Overview

This trial is active, not recruiting.

Condition ventral hernia
Treatments biological mesh, without biological mesh
Phase phase 3
Sponsor University Hospital, Lille
Start date May 2012
End date April 2018
Trial size 110 participants
Trial identifier NCT01594450, 2011-A00059-34, 2011_56

Summary

The SIMBIOSE trial is a large multicenter phase III prospective randomized controlled single blinded trial comparing the use of biological mesh versus traditional wound care without biological mesh in patients with an infected incisional ventral hernia. The primary endpoint is 6-month infectious and/or wound morbidity. Secondary endpoints are wound infection rate at 45 days, 3 months and 1 year, recurrent hernia rates at 1, 2 and 3 years, postoperative pain, quality of life, time to healing, need for wound reoperation, impact of the cross-linked mesh structure, and medico-economic evaluation. One hundred patients need to be included.

United States No locations recruiting
Other Countries No locations recruiting

Study Design

Allocation randomized
Endpoint classification efficacy study
Intervention model parallel assignment
Masking single blind (subject)
Primary purpose treatment
Arm
(Experimental)
patients will undergo the implantation of a biological mesh (after debridement and treatment of the infection) at the same time as the primary operation, or within one month of randomization.
biological mesh Biologics
patients will undergo the implantation of a biological mesh (after debridement and treatment of the infection) at the same time as the primary operation, or within one month of randomization.
(Active Comparator)
patients undergo traditional wound care (debridement and treatment of infection), without placement of a biological mesh. For arm B, the common wound care used follows the normal practice of the treating surgeon, except the placement of the biological mesh, which must not be performed within 6 months of randomization.
without biological mesh standard wound care
patients undergo traditional wound care (debridement and treatment of infection), without placement of a biological mesh. For arm B, the common wound care used follows the normal practice of the treating surgeon, except the placement of the biological mesh, which must not be performed within 6 months of randomization In cases of treatment failure at 6 months, patients of arm B are allowed to undergo any treatment which the treating surgeon views suitable, including a surgical procedure with implantation of a biological mesh

Primary Outcomes

Measure
6-month postoperative morbidity
time frame: 6 months

Secondary Outcomes

Measure
Day 45 wound infection rate
time frame: 45 days
1-year recurrent hernia rates
time frame: 1 year
postoperative pain
time frame: up to 3 years
quality of life
time frame: up to 3 years
time to cure
time frame: up to 3 years
need for wound reoperation due to infection or hernia recurrence
time frame: up to 3 years
impact of the cross-linked mesh structure on the primary objective
time frame: 6 months
medico-economic evaluation taking into account direct costs related to infected ventral hernia treatment.
time frame: up to 3 years
3 months wound infection rate
time frame: 3 months
1 year wound infection rate
time frame: 1 year
2-year recurrent hernia rates
time frame: 2 years
3-year recurrent hernia rates
time frame: 3 years
impact of the cross-linked mesh structure on the 1-year infection rate
time frame: 1 year
impact of the cross-linked mesh structure on the 1-year recurrence rate
time frame: 1 year
impact of the cross-linked mesh structure on the 3-year recurrence rate
time frame: 3 years

Eligibility Criteria

Male or female participants at least 18 years old.

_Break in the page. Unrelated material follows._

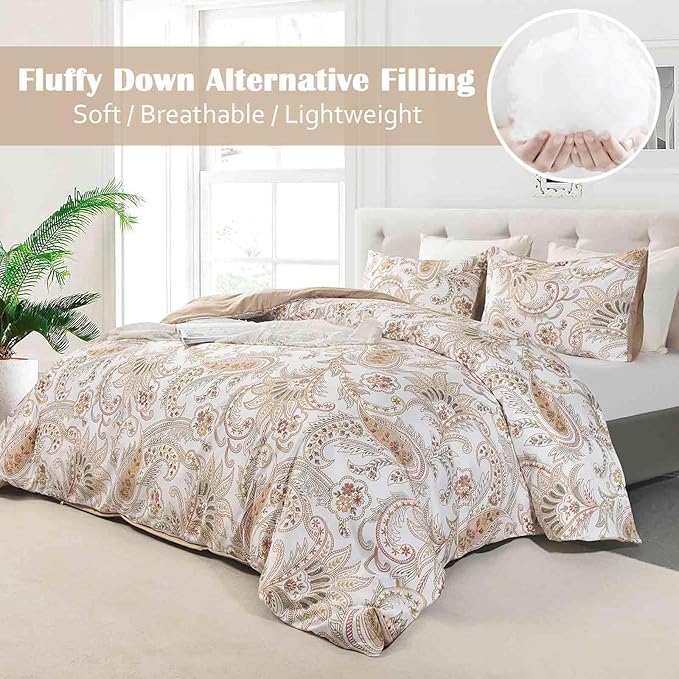 Nanko Paisley Comforter Set King Size 3 Pcs, Tan Taupe Classy Boho Damask - Image 2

Inclusion Criteria: - wound infection related to a synthetic non-absorbable mesh for at least 15 days duration - incisional abdominal hernia with an abcess or fistula, without the presence of a synthetic non-absorbable mesh - incisional abdominal hernias smaller than 20 centimeter in the 2 largest diameters - incisional abdominal hernias requiring a surgical procedure - incisional abdominal hernias amenable to repair with a single biological mesh - age over 18 years Exclusion Criteria: - non-infected incisional abdominal hernia - history of biological mesh placement - incisional abdominal hernia in contaminated, but non infected field (stoma presence, violation of gastrointestinal tract) - incisional abdominal hernia larger than 20 x 20 cm - BMI ≥ 40 kg/m2 - ASA score 4 and 5 - immunosuppression (including steroid and cytotoxic therapy) - chronic disease such as cirrhosis, renal insufficiency with renal dialysis, malignant disease, known collagen disorder - life expectancy under than 36 months - allergy to one of the biological mesh components - pregnancy or breastfeeding

Additional Information

Official title Use of Biological Mesh Versus Standard Wound Care in Infected Incisional Ventral Hernias: a Multicenter Randomized Controlled Trial, the SIMBIOSE Study
Principal investigator Christophe Mariette, MD, PhD
Description Comparison between standard wound care and the use of biological meshes in infected fields
Trial information was received from ClinicalTrials.gov and was last updated in September 2016.
Information provided to ClinicalTrials.gov by University Hospital, Lille.